Investment advisers counsel calm at year's endBy JOSEPH N. DISTEFANO
The Philadelphia Inquirer
December 26. 2012 9:52PM
Just because President Barack Obama and Congress haven't cut a deal to avoid tax increases and spending cuts that will threaten a new recession, is that any reason for investors to freak out and sell stocks, bonds and retirement funds?
Investment advisers, trying to preserve healthy 2012 gains in the markets after a decade of pathetic results, are pushing clients to stay calm about the mess in Washington.
While the financial markets will be nervous until there is a deal, "the underlying economic data continues to offer encouraging signs," Mark Luschini, chief investment strategist at Janney Montgomery Scott, wrote in a note to clients Wednesday.
"(Though) investors are being bombarded with suggestions to sell, Vanguard urges you to be cautious," said investment analyst Sarah Hammer, in one of a string of hand-holding video and written commentaries the fund giant has posted to try and persuade clients to hold onto their retirement accounts instead of dumping them to buy, say, gold, or high-yield, high-risk junk debt.
Obama was scheduled to return to Washington on Wednesday night from a Christmas vacation in Hawaii. Congress is to reconvene on Thursday.
If the President and the Senate and House of Representatives fail to reach an agreement, hundreds of billions of dollars of tax increases and federal spending cuts could jolt the U.S. economy.
The overhang of the fiscal cliff deadline did not overwhelm the markets on Wednesday. The Dow Jones industrial average slipped just 0.2 percent.
There is a chance for an abridged deal before Jan. 1 that would allow some higher taxes for wealthier Americans and fewer budgets cuts.
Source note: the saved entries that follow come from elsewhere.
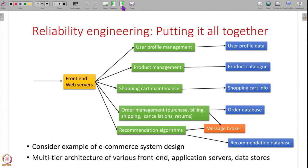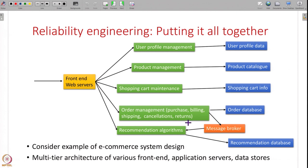Throughout this course we have been discussing examples of computer systems. Specifically, I have taken the example of an e-commerce system several times because it is practical and something you all would have come across. If you look at the modular design of an e-commerce system we studied a few weeks back, there are a bunch of front-end web servers, and depending on the type of request — user profile, searching for products, shopping cart, orders, or recommendations — the front end contacts different application servers, each responsible for a certain kind of request. It assembles all of these pieces together and returns the web page that you as a user will see.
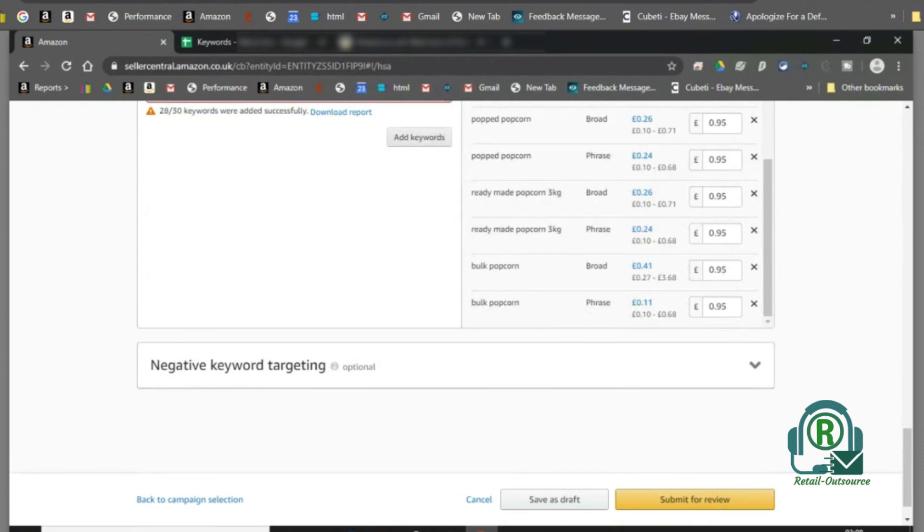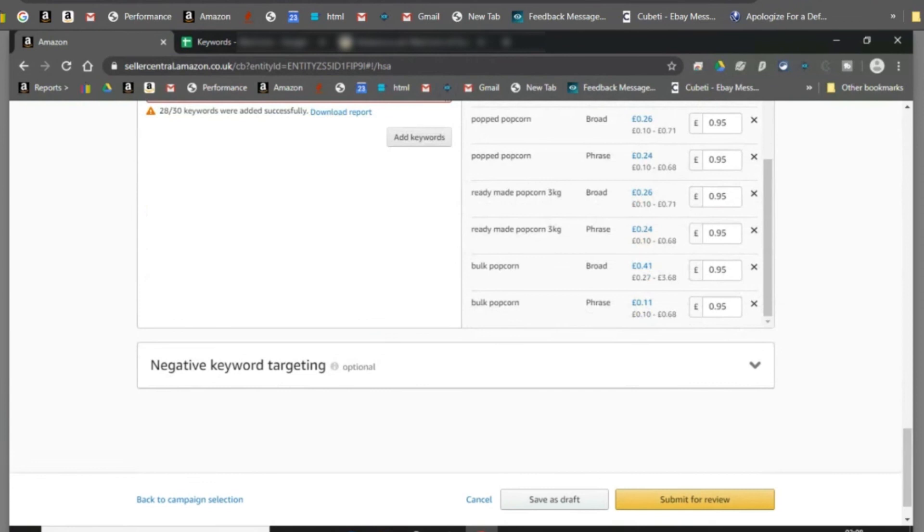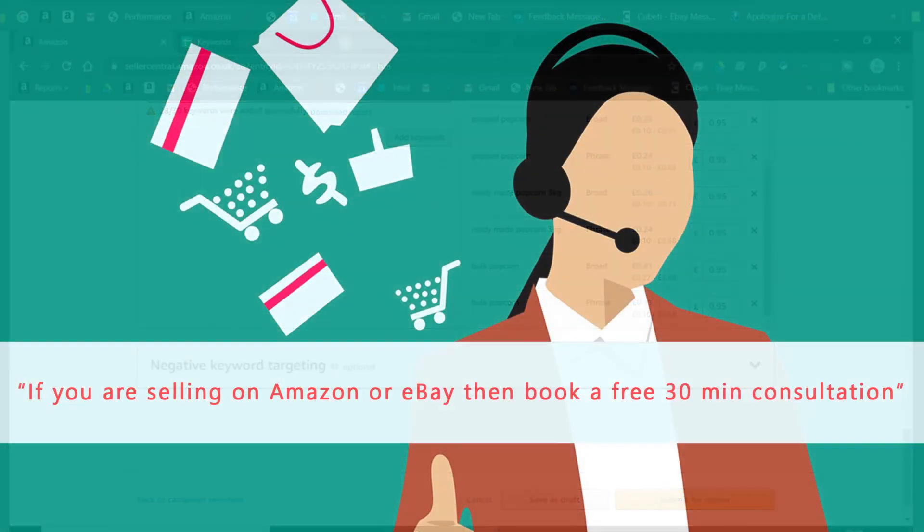That's about it. If you sell on eBay or Amazon, or if you have any questions, then you could book a 30 minute free consultation from the link in the description below. You could also comment and we can help you out with it. Thank you.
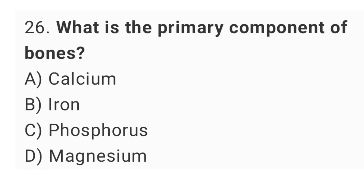Question No. 26: What is the primary component of bones? The right answer is option A, calcium.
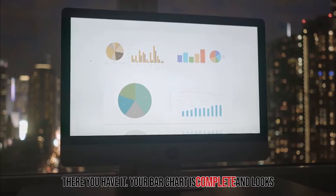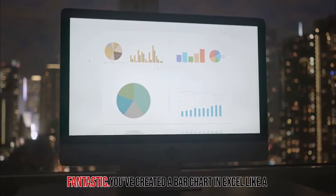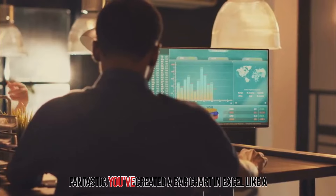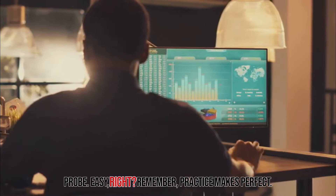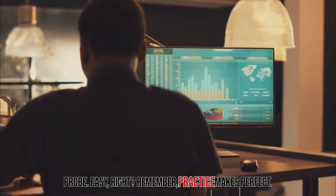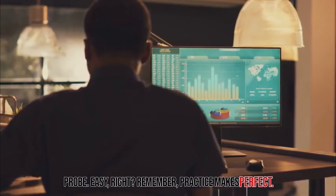Your bar chart is complete and looks fantastic — you've created a bar chart in Excel like a pro. Easy, right? Remember, practice makes perfect.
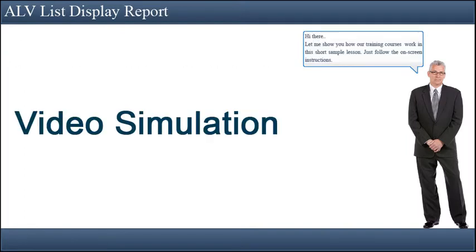Hi there! Let me show you how our training courses work in this short sample lesson. Just follow the on-screen instructions now showing video simulation on how to create ALVLIST display report.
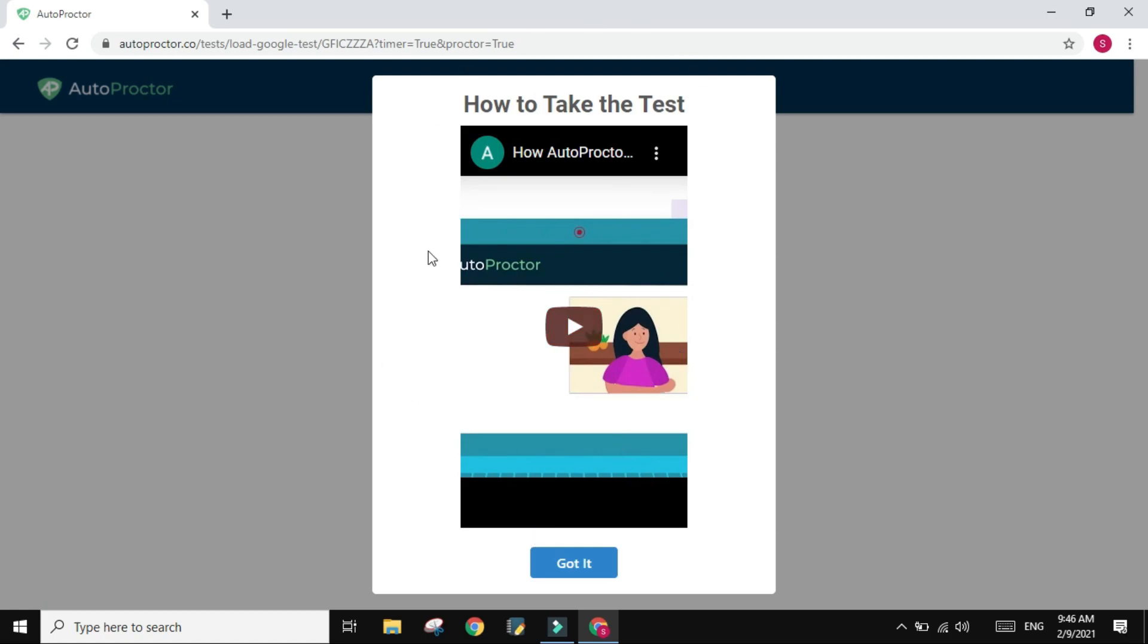Now you will see this video which will tell you how to conduct the test and the environment that you need to be in. So please watch it. I'm not going to show it over here, but for your case you need to watch it.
Or an agreement might be achieved in the first weeks or months of 2013. But many observers believe either of those developments would still unnerve the financial markets and affect the economy at a time when housing and other economic indicators give some confidence that the new year could see a fast-improving economy.
Some of the consequences of tumbling over the cliff would be immediate, such as an end to some unemployment benefits. Others, such as huge cuts in government spending, would have a cumulative effect that would spread over 2013, analysts said.
In any regard, the fiscal cliff has the attention of most Americans. So what's the worst that can happen?
Asset prices are supposed to reflect the cash they will generate for their owners. But a feared or actual drop in government spending that companies depend on, plus increases in federal tax breaks that consumers and businesses count on, "may disrupt those cash flows for a couple of quarters," said James Meyer, chief investment officer at $1 billion-asset Tower Bridge Advisors, in an interview.
Such a situation could temporarily depress securities values, but they will recover, "assuming Washington doesn't go so far as to allow the U.S. to default on its debt and really create a mess," Meyer added.
"The odds of that are small," he said, but not zero. The possibility lawmakers could once again threaten to stiff the Federal Reserve and other government creditors, instead of making a deal, could push investors to sell.
A government default would likely trim stock values, especially for "tech, industrials, basic materials, money-center (large investment) banks and high-profile retailers," Meyer explained, as well as other "stock market sectors that tend to swing higher in a rising market and lower when prices fall."
The White House and some Republicans in Congress had claimed to be close to a deal 10 days ago, but neither side feels a lot of incentive to give up the last few hundred billion dollars of tax increases or spending cuts, Meyer told clients of Boenning & Scattergood in a report Wednesday.
"(Obama) thinks he earned a mandate in the election to do things his way," Meyer said, instead of compromising as much as he did in a similar situation last summer. But neither he nor his rivals are strong enough to force a "one-sided agreement," Meyer said.
Investors still doubt Congress will force a default. Stocks rose an average 1 percent a month during 2012. They remain priced, Meyer observed, as if traders believe the "skies will begin to clear by March and life will get back to normal."
But what does normal mean in today's Washington?
"Few expect the new Congress to be any more productive than the last one," Meyer said, because it again will be the product of a largely divided electorate.
"There will be lots of debate about gun control, tax reform, immigration and energy. But the odds of getting anything done beyond what is essential, like raising the debt ceiling, is problematic at best."